Chennai has a weather pattern that is slightly different from other major cities of India. Located deep in the south of the country, the city is situated on the thermal equator thereby ensuring that it does not have considerable temperature variations throughout the year.
While India is lashed by the Monsoons during July to September, Chennai gets most of its rainfall during mid-October to mid-December as a result of the annual Northeastern Monsoon.
The climate for most of the year remains hot, humid and tropical with temperatures peaking during May to July.
A lot of visitors coming to Chennai time their arrival to catch one of the city’s many vibrant festivals. The most popular festivals held in Chennai is the Pongal (held in mid-January) which is the traditional Tamil festival hailing the arrival of spring as well as the Karthikai Deepam Festival. The Karthikai Deepam Festival is the traditional Tamil festival of lights and is celebrated by lighting lamps and setting of fire-crackers across the entire state. The festival is held in November- December.
Other more modern festivals that celebrate achievements of Tamil culture in areas like dance, theatre and cinema include the Chennai Summer Festival and the Chennai Festival of Music and Dance.
Chennai is India’s fourth largest city and is the capital of Tamil Nadu, the southernmost state in the Indian Union. The city is located on the southeastern coast of India and is a bustling commercial center, hub of industry and the second busiest cargo port of India.

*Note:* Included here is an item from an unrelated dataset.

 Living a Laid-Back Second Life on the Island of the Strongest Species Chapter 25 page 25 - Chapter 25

Not surprisingly then the city gets a considerable level of traffic of business and commercial visitors and connected to the world by the Chennai International Airport.
While not offering as many choices as the bigger aviation hubs of Delhi and Mumbai, the Chennai International Airport is serviced by a significant number of regional and international carriers.

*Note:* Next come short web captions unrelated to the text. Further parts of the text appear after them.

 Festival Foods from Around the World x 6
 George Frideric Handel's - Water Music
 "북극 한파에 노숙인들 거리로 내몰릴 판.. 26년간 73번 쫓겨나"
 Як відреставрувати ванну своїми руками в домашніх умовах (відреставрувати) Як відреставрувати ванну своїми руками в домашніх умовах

The airport offers convenient connections to a host of international destinations across, Asia, the Middle East, Far East and Europe. Many visitors use Chennai as a springboard to commence their exploration of South India.
Being South India’s largest city and busiest center for commerce, Chennai gets a great deal of business visitors who find time to discover the many treasures of this often under-rated city.
The city is a proud center of Dravidian Civilization which is thought to be the oldest indigenous ethnic grouping of South Asia.Chennai and its periphery are home to a host of ancient cultural icons as well as more modern colonial architectural masterpieces with a pronounced Anglican influence.
Furthermore Tamil society is one of the most progressive and forward-looking across India. This has ensured that Chennai has a very vibrant urban landscape of cultural events, art, dance and music, museums and history as well as culinary traditions.
All of the above ensures that Chennai captivates a variety of visitors interested in history, culture, food, shopping, natural wonders, contemporary religions and even beach holidays.
Appropriate Attire :
Chennai has a proud history of progressivism. The city has always been a center of art, free-thinkers and literature which coupled with centuries of western and foreign influence has created a vibrant cultural scene.
With near universal literacy, Chennai is very upwardly mobile so modest casual wear and western clothes (covering arms and legs) are a common sight at most top end establishments, shopping districts as well as areas of visitor interest.
However as in other major cities of India, there is great value put on modesty. Covering arms and legs and opting for clothing not too revealing is always a smarter choice and ensures that the visitor attracts no unwanted attention.
When visiting temples, mosques, religious sites as well as some of the cultural artifacts, national monuments and street markets you may be required to dress conservatively ensuring that arms, legs and even hair are covered.